The block awards to Octavia Energy Corporation and Murphy West Africa represent a meaningful step in Cameroon's upstream revival strategy. Both companies bring distinct operational profiles: Octavia has been expanding its West African footprint with a focus on frontier exploration, while Murphy West Africa is an extension of Murphy Oil's established international upstream operations. The involvement of two separate operators across five blocks suggests SNH is deliberately diversifying its partner base rather than consolidating acreage under a single major, a strategy that tends to accelerate early-phase work programmes and competitive exploration spending.
Cameroon's hydrocarbon sector has historically been anchored by maturing assets in the Rio del Rey and Douala basins, with overall production trending downward over the past decade. SNH's current licensing push is intended to open new frontier areas and offset natural decline from legacy fields. For incoming operators, this implies significant subsurface uncertainty but also the potential for material discoveries in under-explored acreage — a risk-reward profile that typically triggers demand for high-specification drilling rigs, seismic acquisition, and well evaluation services in the near to medium term.
The broader context is also relevant. Cameroon sits at an important crossroads in its energy ambitions, simultaneously progressing its LNG ambitions through the Kribi LNG project while trying to stabilise and grow domestic crude output. SNH's willingness to award multiple blocks simultaneously indicates institutional confidence in the current investment climate and a desire to compress the timeline between licensing and first exploration wells. For service companies monitoring West and Central Africa, this convergence of upstream licensing activity and LNG infrastructure development makes Cameroon a more compelling market than it has been for several years.
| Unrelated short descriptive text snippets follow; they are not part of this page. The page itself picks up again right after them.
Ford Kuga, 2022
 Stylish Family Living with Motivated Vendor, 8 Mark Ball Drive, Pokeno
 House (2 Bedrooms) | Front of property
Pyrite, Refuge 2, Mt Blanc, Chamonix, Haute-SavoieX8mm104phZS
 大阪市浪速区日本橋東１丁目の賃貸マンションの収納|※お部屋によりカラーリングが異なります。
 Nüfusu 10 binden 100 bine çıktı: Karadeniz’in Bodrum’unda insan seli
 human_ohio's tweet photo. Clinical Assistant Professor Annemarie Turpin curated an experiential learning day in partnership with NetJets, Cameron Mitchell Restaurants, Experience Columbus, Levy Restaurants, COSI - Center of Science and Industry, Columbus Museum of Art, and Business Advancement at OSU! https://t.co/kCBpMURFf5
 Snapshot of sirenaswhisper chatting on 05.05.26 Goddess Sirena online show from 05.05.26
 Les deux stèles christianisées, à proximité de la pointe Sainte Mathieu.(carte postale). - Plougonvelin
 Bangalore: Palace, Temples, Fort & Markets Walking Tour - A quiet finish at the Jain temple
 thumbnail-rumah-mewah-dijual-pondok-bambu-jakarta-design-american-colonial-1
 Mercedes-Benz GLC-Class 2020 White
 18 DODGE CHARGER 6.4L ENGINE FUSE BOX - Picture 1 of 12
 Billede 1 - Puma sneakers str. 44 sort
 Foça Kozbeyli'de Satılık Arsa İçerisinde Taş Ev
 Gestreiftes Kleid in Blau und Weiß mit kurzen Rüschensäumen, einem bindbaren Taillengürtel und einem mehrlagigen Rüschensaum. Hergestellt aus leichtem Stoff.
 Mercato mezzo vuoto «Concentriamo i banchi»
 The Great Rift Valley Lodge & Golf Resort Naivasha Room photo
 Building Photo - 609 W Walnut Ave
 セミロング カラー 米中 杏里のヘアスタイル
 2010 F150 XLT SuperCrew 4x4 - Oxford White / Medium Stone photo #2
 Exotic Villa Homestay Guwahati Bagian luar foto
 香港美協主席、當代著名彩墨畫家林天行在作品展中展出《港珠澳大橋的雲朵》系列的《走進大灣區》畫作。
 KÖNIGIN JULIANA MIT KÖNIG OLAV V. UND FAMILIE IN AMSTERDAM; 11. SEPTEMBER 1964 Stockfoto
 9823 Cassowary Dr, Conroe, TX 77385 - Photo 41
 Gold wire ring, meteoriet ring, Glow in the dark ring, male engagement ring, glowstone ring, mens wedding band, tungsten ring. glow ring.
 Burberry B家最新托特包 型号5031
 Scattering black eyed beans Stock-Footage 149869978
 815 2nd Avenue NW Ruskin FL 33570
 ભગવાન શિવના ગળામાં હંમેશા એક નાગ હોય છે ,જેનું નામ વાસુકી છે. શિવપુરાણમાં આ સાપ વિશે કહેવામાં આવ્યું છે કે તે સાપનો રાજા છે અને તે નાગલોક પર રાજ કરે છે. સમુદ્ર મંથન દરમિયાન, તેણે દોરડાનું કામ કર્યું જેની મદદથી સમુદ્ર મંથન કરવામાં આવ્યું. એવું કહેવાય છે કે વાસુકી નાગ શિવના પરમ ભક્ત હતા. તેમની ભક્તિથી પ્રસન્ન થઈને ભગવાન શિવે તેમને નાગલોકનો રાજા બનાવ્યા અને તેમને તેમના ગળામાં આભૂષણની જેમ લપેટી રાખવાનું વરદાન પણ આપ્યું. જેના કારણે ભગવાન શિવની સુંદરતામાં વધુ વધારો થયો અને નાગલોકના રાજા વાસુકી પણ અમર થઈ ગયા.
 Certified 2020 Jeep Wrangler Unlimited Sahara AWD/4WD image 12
Work programmes attached to the new blocks will likely require environmental baseline studies, seismic reprocessing or acquisition, and ultimately exploration drilling — activities that typically unfold over a two-to-four-year horizon from licence award. Norwegian service companies with established presences in West Africa or existing relationships with Murphy Oil and Octavia should begin early engagement now to position for upcoming tender processes.